_GOAL OF THE EXERCISE:_ The whole listing is to be restated word for word with no images.

_DATASET EXTRACT:_
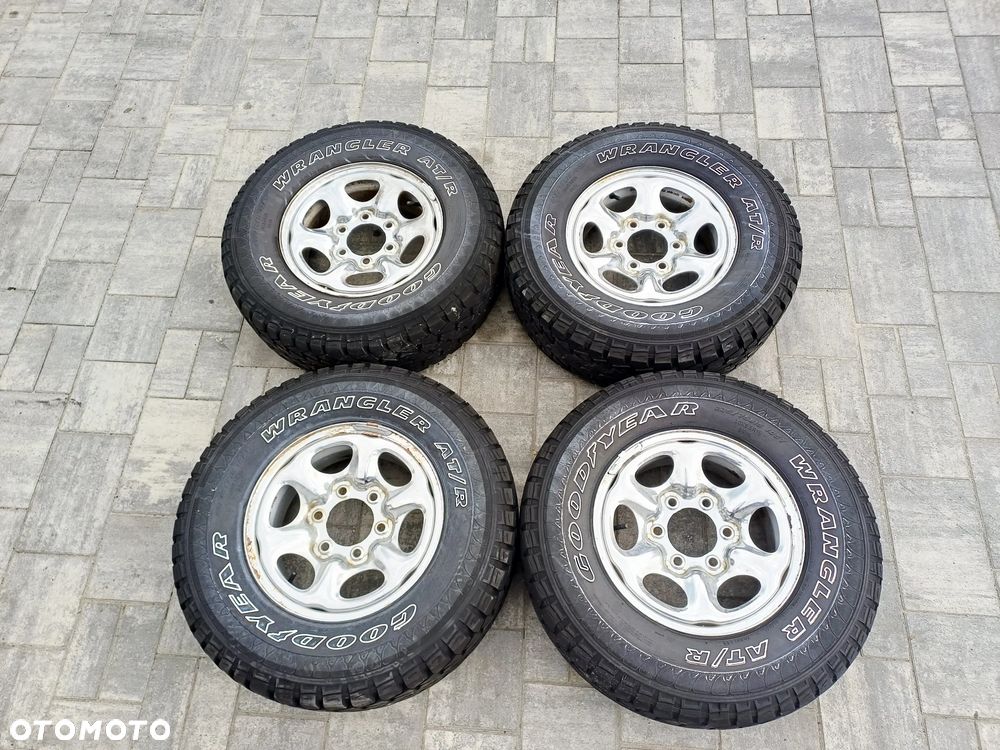 FELIGI Z OPONAMI STALOWE NISSAN TERRANO PATHFINDER R15 6x139,7 100,3 mm OPONY 235/75 R15 NR2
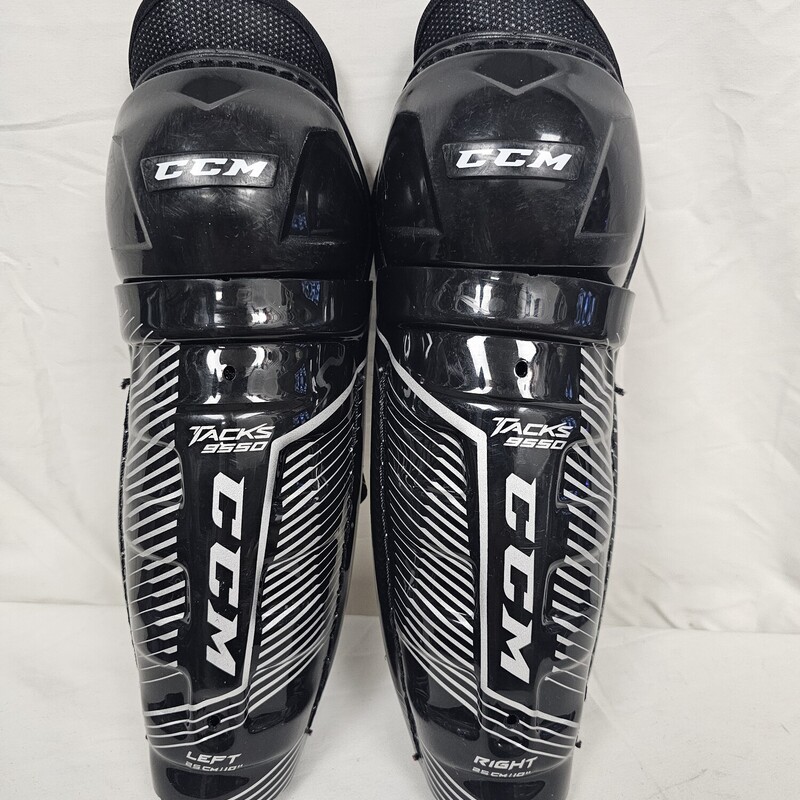 CCM Tacks 9550 Hockey Shin Guards
Size: 10in.
Pre-owned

_FINISHED EXERCISE:_
 FELIGI Z OPONAMI STALOWE NISSAN TERRANO PATHFINDER R15 6x139,7 100,3 mm OPONY 235/75 R15 NR2
 CCM Tacks 9550 Hockey Shin Guards
Size: 10in.
Pre-owned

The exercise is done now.